ASSIGNED TASK:
Starting from the line with "804 Bluebird Street" and going up to and including the line with "Photo open suitcase", copy the listing below exactly. Leave all images out.

DATA TO USE:
=-=-=

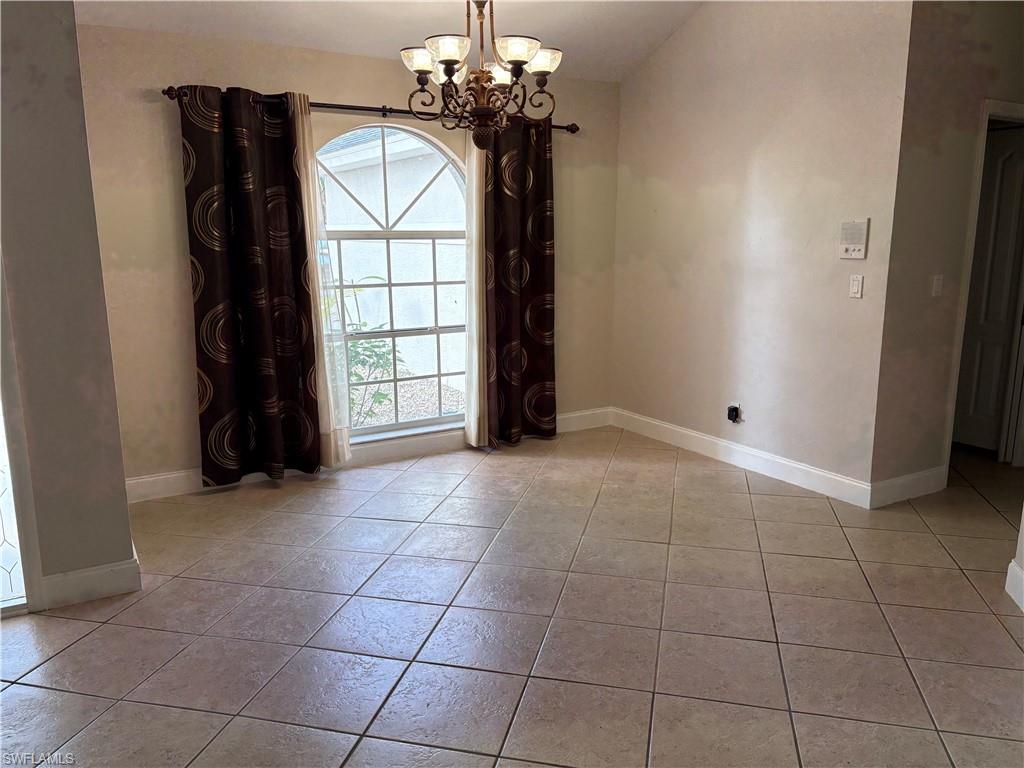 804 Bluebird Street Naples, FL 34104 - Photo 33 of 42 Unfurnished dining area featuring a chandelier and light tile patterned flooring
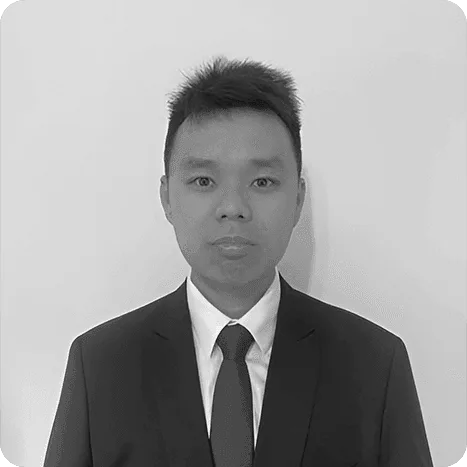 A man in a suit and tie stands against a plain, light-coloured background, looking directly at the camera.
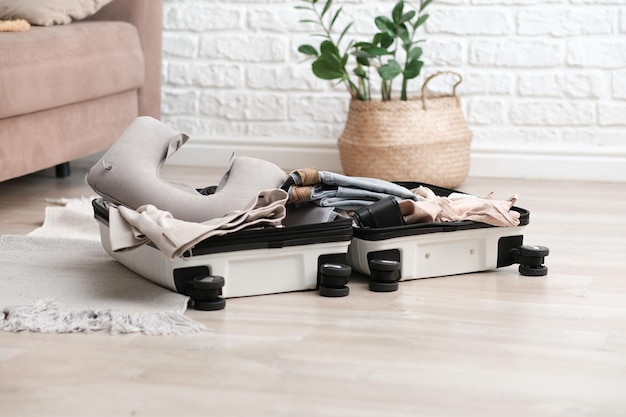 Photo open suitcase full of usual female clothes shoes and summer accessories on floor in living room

=-=-=

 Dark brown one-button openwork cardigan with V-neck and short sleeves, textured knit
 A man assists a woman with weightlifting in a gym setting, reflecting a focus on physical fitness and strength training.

=-=-=

REPLY:
 804 Bluebird Street Naples, FL 34104 - Photo 33 of 42 Unfurnished dining area featuring a chandelier and light tile patterned flooring
 A man in a suit and tie stands against a plain, light-coloured background, looking directly at the camera.
 Photo open suitcase full of usual female clothes shoes and summer accessories on floor in living room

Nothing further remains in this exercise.